== Segment start ==
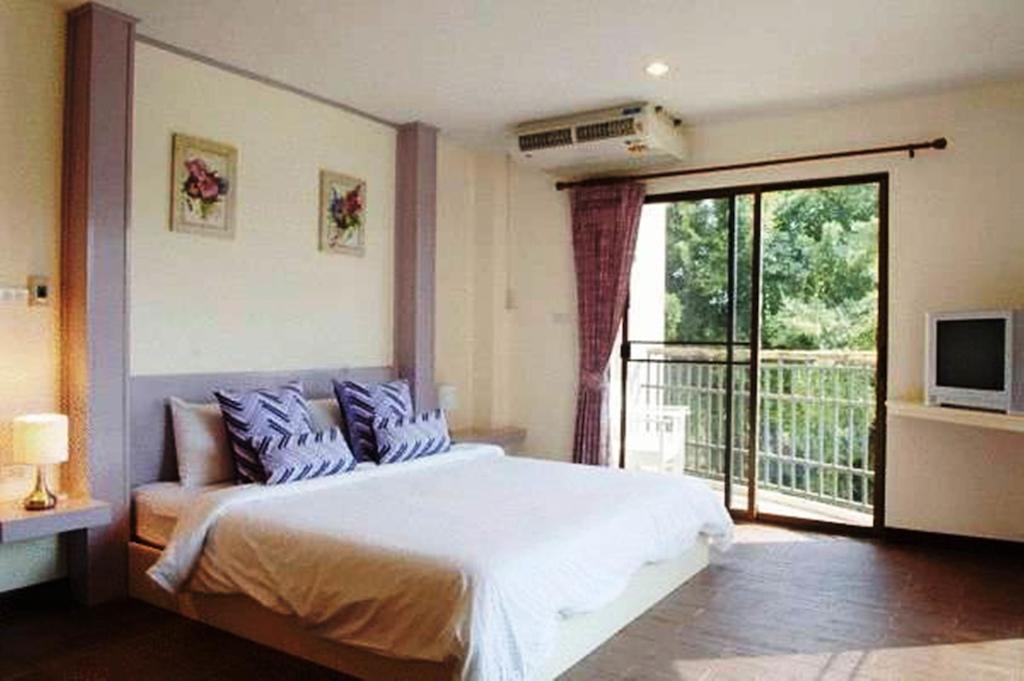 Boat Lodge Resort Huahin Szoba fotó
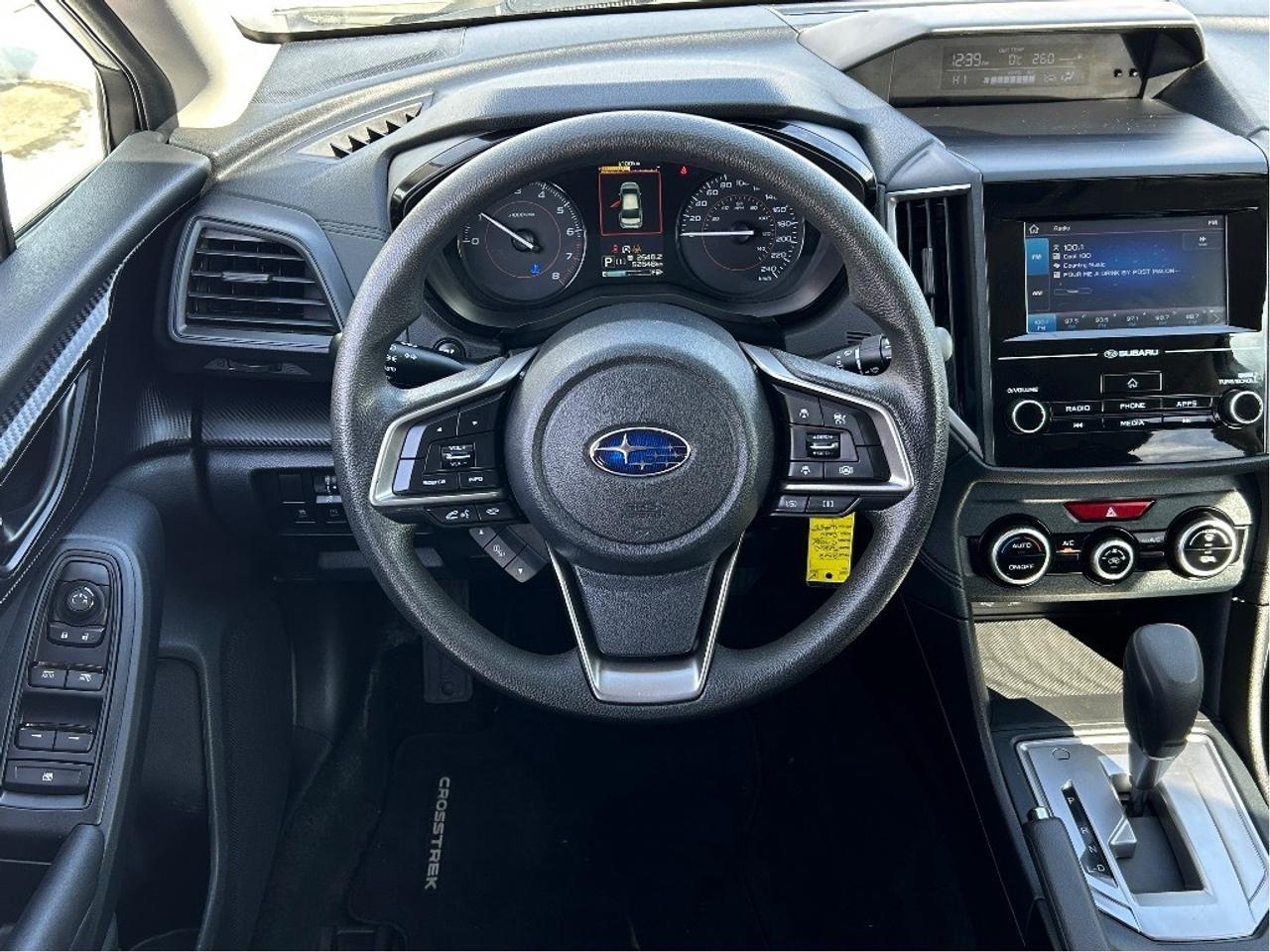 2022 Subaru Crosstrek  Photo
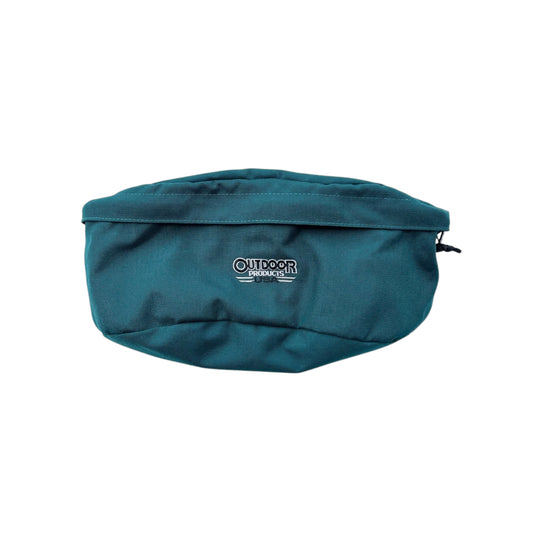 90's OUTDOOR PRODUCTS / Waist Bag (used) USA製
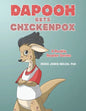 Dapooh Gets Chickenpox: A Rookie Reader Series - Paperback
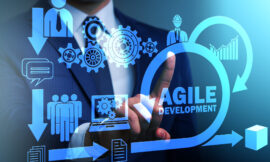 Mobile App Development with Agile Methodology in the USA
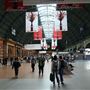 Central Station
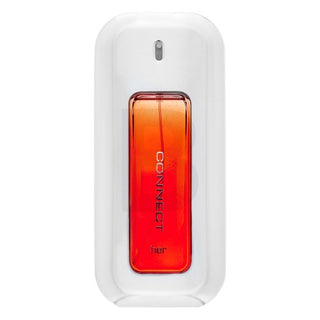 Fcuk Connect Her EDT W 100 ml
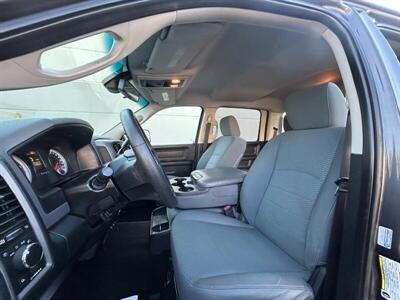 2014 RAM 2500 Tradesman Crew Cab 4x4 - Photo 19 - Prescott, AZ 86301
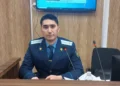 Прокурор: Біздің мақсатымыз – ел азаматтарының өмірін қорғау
== Segment end ==
▸ **Assignment**:
Your task is to set down exactly the lines that run from the line holding "2022 Subaru Crosstrek" through the close of the entries, including both ends. Pictures stay out.

▸ **Reply**:
 2022 Subaru Crosstrek  Photo
 90's OUTDOOR PRODUCTS / Waist Bag (used) USA製
 Dapooh Gets Chickenpox: A Rookie Reader Series - Paperback
 Mobile App Development with Agile Methodology in the USA
 Central Station
 Fcuk Connect Her EDT W 100 ml
 2014 RAM 2500 Tradesman Crew Cab 4x4 - Photo 19 - Prescott, AZ 86301
 Прокурор: Біздің мақсатымыз – ел азаматтарының өмірін қорғау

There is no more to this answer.